David Rhys Jones

David Rhys Jones Cross by David Rhys Jones somerset House by by David Rhys Jones
keystones by by David Rhys Jones
spitalsfield sculpture by David Rhys Jones

David Rhys Jones sees himself as a detached observer of the modern metropolis. He makes work in a range of media, but is best known for his ceramic sculptures transfer printed with evocative photographic images taken during journeys through particular landscapes. They may include architectural details, anonymous figures or graphic material like signage and house numbers, and they all convey a strong sense of place and historic atmosphere.


What attracted you to ceramics?

About 15 years ago I made some animal-shaped egg cups which I showed to a friend who in turn showed them to a buyer at Liberty. She said that if I had them made she would be able to sell them so I did some research and realised that I need to learn more about the whole process and about clay. I started doing evening classes at Pimlico Pottery and that was when I just got hooked on ceramics. I’m not obsessed by clay as a material in the way some ‘earthy’ potters are but I love it for its possibilities and the fact that it’s such a versatile medium. Around 80% of my work is now ceramic but I also use a range of different materials – metals, plastic, wood, paper and textiles. I use whatever is most appropriate for the work and sometimes combine materials.

What inspires your work?

I am attracted to architecture and history and like the idea of recording the past. Layers of history interest me and I like the idea that you can ‘read’ a building and see what’s happened to it over the years. For example, the ground floor of a building can be a curry house with a plastic frontage, but if you look up you might see a blue plaque recording the building’s 18th-century history. I do quite a lot of research into an area and like referencing its history in the work, so for my Spitalfields series I printed the images onto silk in an echo of the area’s history as a silk-weaving centre.

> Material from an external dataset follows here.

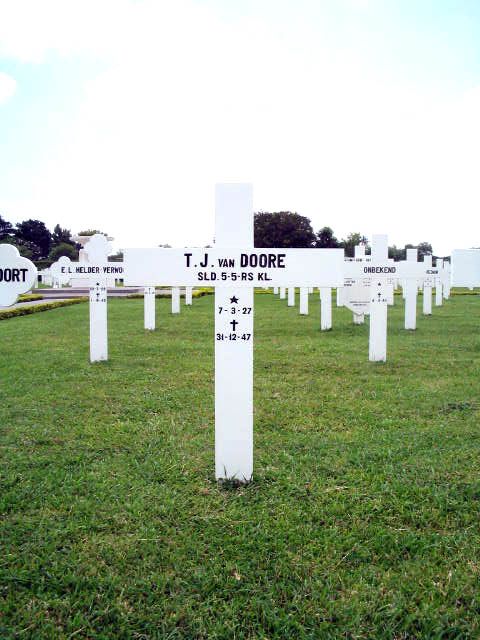 doore.van.t.j.2005.jpg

Your work is inspired by a series of journeys around quite specific locations such as Spitalfields or Bloomsbury, what attracts you to these areas?

I am drawn to a particular area because of its atmosphere or psycho-geography - I mean the continuing presence of something that’s happened there in the past. For example, for my Bloomsbury Journey, I did a journey in Sussex along the path that Duncan Grant and Vanessa Bell walked along every day while they were decorating the Berwick Church and I loved the feeling that people had been walking along that same path for hundreds of years.

There are two separate sides to your work, the images and the forms they are applied to. Which comes first?

When I was doing my ceramics diploma, my work was much concerned with surface patterning – I was working with plate and vase shapes - but when I started my MA (at Central St Martin’s) I was encouraged to think more about form and my work became more sculptural. Now the image and ceramic form are both equally important.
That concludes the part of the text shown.